** Opening DATA block **

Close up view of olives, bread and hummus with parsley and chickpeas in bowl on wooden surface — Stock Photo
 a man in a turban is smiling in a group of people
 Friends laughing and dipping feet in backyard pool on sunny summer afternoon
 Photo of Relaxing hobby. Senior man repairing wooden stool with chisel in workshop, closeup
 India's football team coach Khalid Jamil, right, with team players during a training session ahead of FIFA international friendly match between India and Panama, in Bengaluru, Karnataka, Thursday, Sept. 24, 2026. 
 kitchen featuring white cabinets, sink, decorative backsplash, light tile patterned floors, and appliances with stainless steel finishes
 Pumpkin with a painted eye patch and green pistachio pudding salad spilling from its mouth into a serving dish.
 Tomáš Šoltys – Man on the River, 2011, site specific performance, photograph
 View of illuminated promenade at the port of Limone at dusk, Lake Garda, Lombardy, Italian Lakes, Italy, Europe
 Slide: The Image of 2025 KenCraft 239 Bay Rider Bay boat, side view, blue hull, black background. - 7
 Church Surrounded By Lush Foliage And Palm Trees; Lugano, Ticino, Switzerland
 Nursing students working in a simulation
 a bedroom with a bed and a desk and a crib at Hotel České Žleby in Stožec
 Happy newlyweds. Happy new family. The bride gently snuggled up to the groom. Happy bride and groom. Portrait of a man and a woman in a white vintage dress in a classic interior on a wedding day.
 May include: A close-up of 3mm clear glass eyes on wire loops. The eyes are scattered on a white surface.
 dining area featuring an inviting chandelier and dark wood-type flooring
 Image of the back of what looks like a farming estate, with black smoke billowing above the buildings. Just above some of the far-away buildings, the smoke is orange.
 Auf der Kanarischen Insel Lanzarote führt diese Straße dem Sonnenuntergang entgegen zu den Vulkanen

** Closing DATA block **

▶ WORK ITEM
Beginning with the first line above, could you copy every line exactly, up to and including the one with "Photo of Relaxing"?

▶ SOLUTION
Close up view of olives, bread and hummus with parsley and chickpeas in bowl on wooden surface — Stock Photo
 a man in a turban is smiling in a group of people
 Friends laughing and dipping feet in backyard pool on sunny summer afternoon
 Photo of Relaxing hobby. Senior man repairing wooden stool with chisel in workshop, closeup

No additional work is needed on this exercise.